Penggunaan teknologi ini akan mampu mendata dan memetakan jumlah orang miskin, tingkat pendapatan, kesejahteraan keluarga, sebaran, tipologi, akses terhadap sumberdaya, dan kepemilikan aset hingga sumberdaya ekonomi mulai dari level desa, kabupaten/kota hingga provinsi. Hadirnya data dan peta kemiskinan semacam ini bakal memudahkan pemerintah kabupaten/kota dan Provinsi Gorontalo memformulasikan kebijakan pengentasannya. Bahkan, metode pendataan semacam ini akan mengakibatkan data orang miskin ketahuan orang per orang sekaligus alamatnya.

Jika, pemerintah Provinsi Gorontalo dan kabupaten/kota dapat mengakomodasi gagasan ini, penulis yakin program-program pengentasan kemiskinan bakal tepat sasaran. Basis data awalnya bersumber dari BPS. Lalu, mengombinasikan dengan data primer lapangan secara partisipatoris dan penggunaan teknologi informasi. Dengan demikian, hasilnya bakal memetakan kemiskinan dari pulau kecil, pesisir, dataran rendah hingga pegunungan termasuk kawasan hutan di seluruh Gorontalo. Data ini beraneka manfaat bagi pembangunan daerah. Bukan hanya mengentaskan kemiskinan. Melainkan juga sebagai basis data memperbaiki infrastruktur pendidikan, kesehatan, dan fisik untuk memeratakan pembangunan.
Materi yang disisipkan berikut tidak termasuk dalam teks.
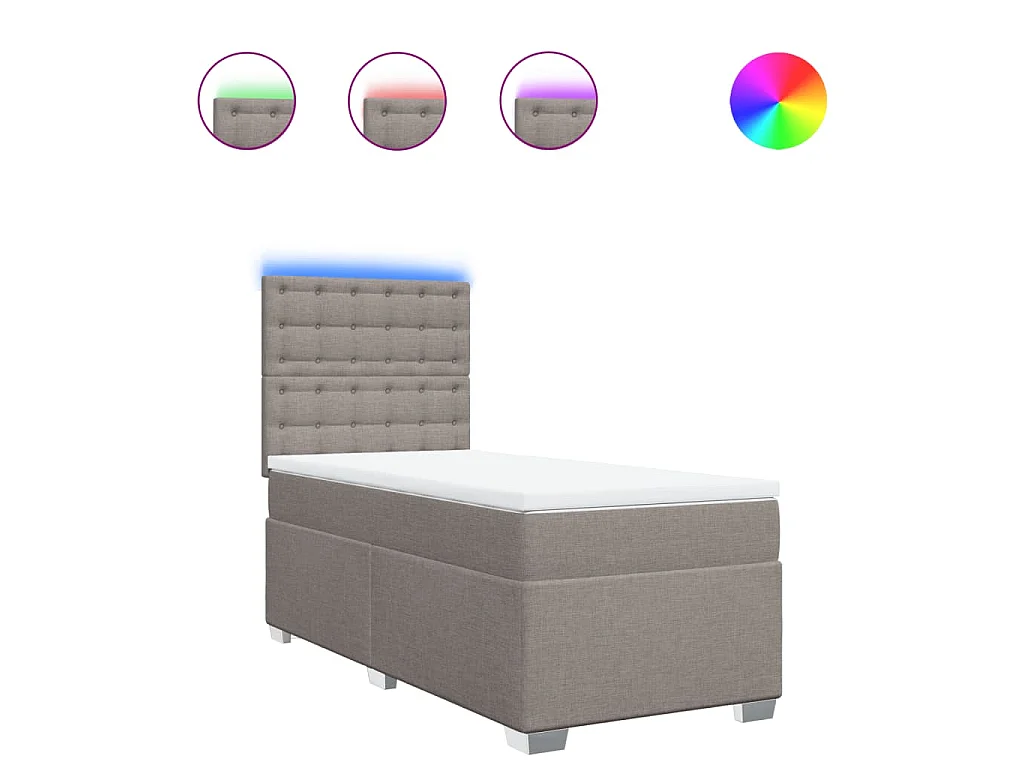 Boxspring met matras stof taupe 90x190 cm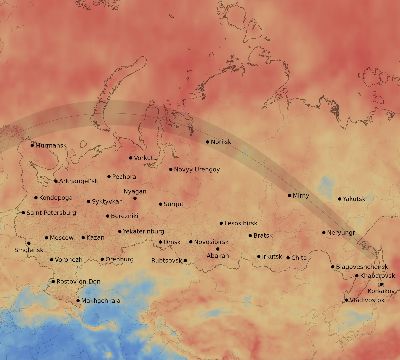 Map of the average cloud coverage across Russia for the solar eclipse of 06/03/2133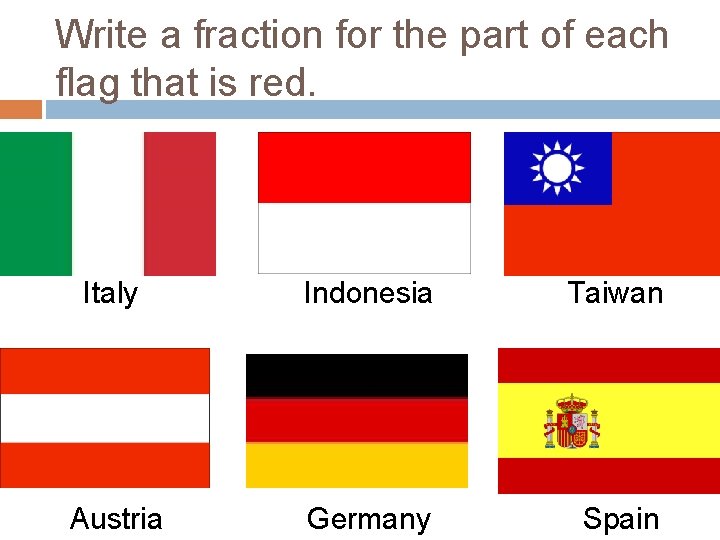 Write a fraction for the part of each flag that is red. Italy Indonesia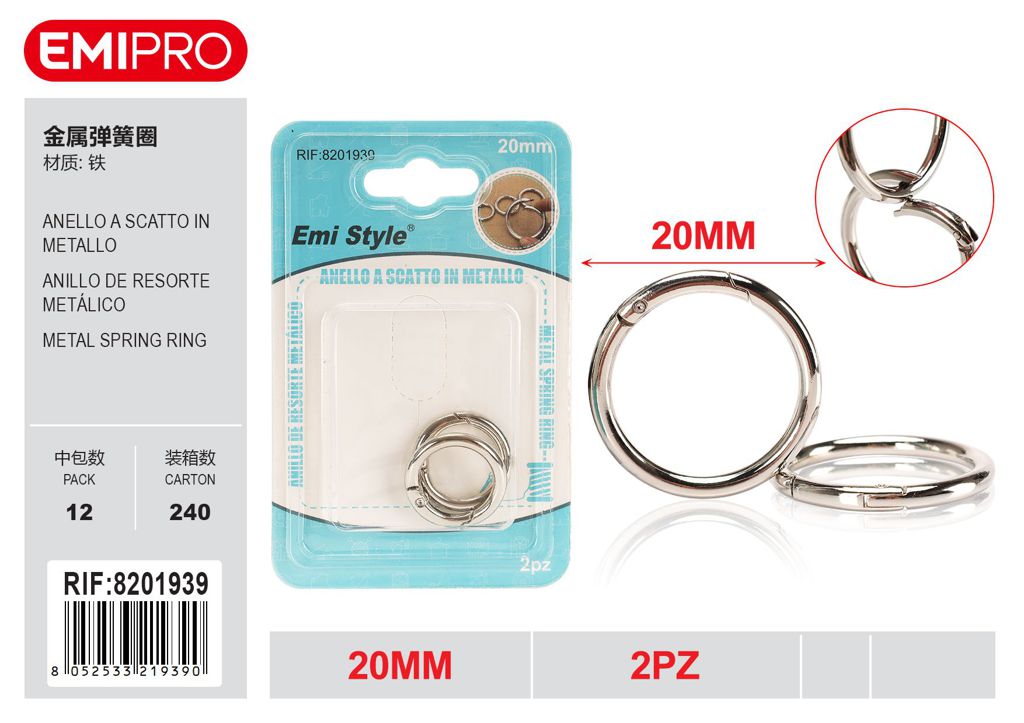 Anello A Scatto In Metallo 20mm 2Pz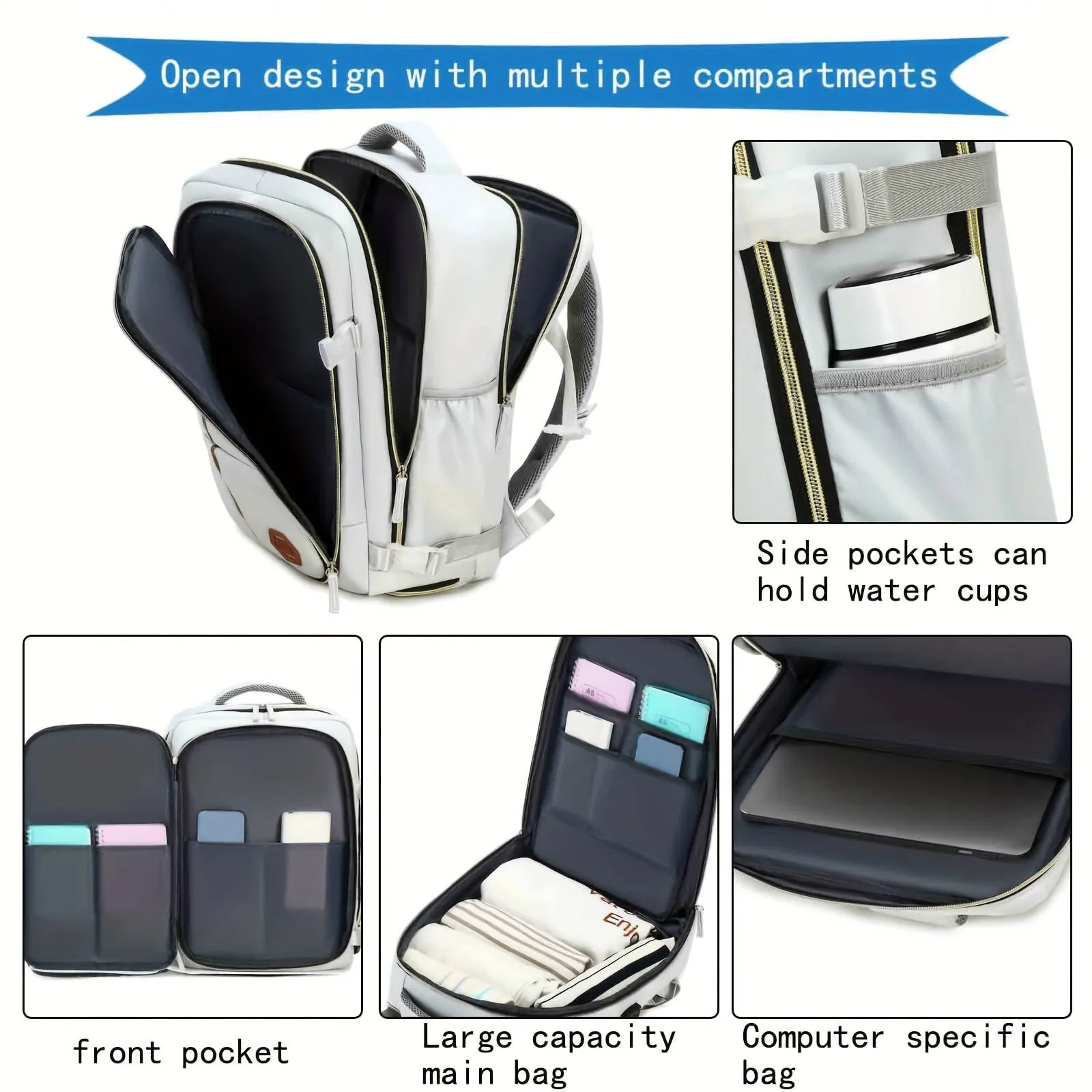 Multifunctional Travel Backpack, Airline-approved, Laptop Schoolbag With Shoes Compartment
Hemat penulis, implementasinya di Gorontalo secara bertahap. Dimulai dari satu kabupaten dan kota sebagai percontohan. Bila sukses, bisa mereplikasinya di daerah-daerah lain. Dalam kurun waktu 2-3 tahun semua kabupaten/kota bisa beres. Bila ada pembaharuan data, tinggal diperbaharui (update). Kesuksesan menyediakan data ini bakal mempengaruhi seluruh aktivitas pembangunan dan mempercepat kemajuan daerah. Pasalnya, program-program pembangunan bakal tepat sasaran hingga meningkatkan penyerapan anggaran.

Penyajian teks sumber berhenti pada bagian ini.